Well I lost one of the four, not really sure why but here they are.


----------



## ParrotletsRock (Oct 8, 2013)

Very nice! You have some pretty chicks there and some whitefaces!


----------



## vampiric_conure (Jul 8, 2012)

**Envy** Stunning babies you have there  They are absolutely adorable


----------



## harleydon5 (Mar 27, 2015)

Thanks all, ya my only nonwhiteface up and died. Two were born on the same day,yellow and white then another every other day until there were four. About ten days in the yellow up and died not sure why. So now I have three distinct sizes, so much growth in two days. Mike and molly have been such good parents. Tomarrow the oldest will be three weeks, these pics were taken last weekend and I haven't seen them since.
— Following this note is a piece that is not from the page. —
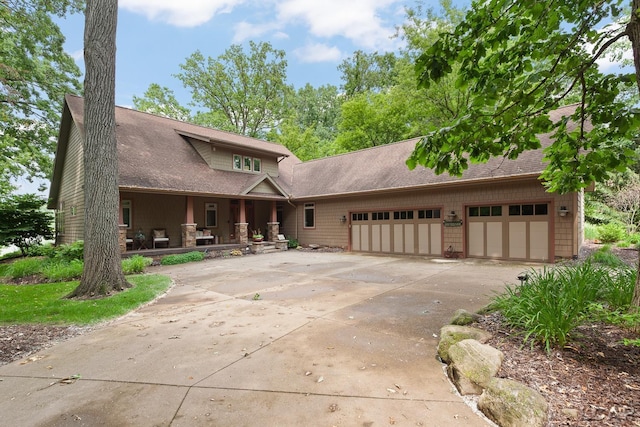 14967 S Shore Dr, Addison, MI 49220 - view of front of property with an attached garage, driveway, covered porch, and a shingled roof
Was thinking it was time to take over the feeding and human socializing duties, this is my first clutch and would like them to be tamer than the other ten. I just recently acquired four more all untame normal grays. There like little feathered magnets.


----------



## nassrah (Feb 27, 2012)

Your babies are lovely ! X x


----------



## han93 (Aug 1, 2014)

They're gorgeous, I'm sorry that you lost one of them


----------



## Vickitiel (Oct 10, 2012)

They're sooo cute!! :excited: I'm sorry that one of them passed


----------



## shaenne (Apr 19, 2014)

Omg aren't they precious!


----------



## Brandon2k14 (Nov 26, 2014)

Their lovely sorry one passed.


----------



## harleydon5 (Mar 27, 2015)

Just a quick update 4 weeks old.


----------



## shaenne (Apr 19, 2014)

They are such pretty little things! Aww <3


----------



## JoJo's Mom (Oct 20, 2012)

They are all stunning! Sorry to hear you lost one, its always very sad


----------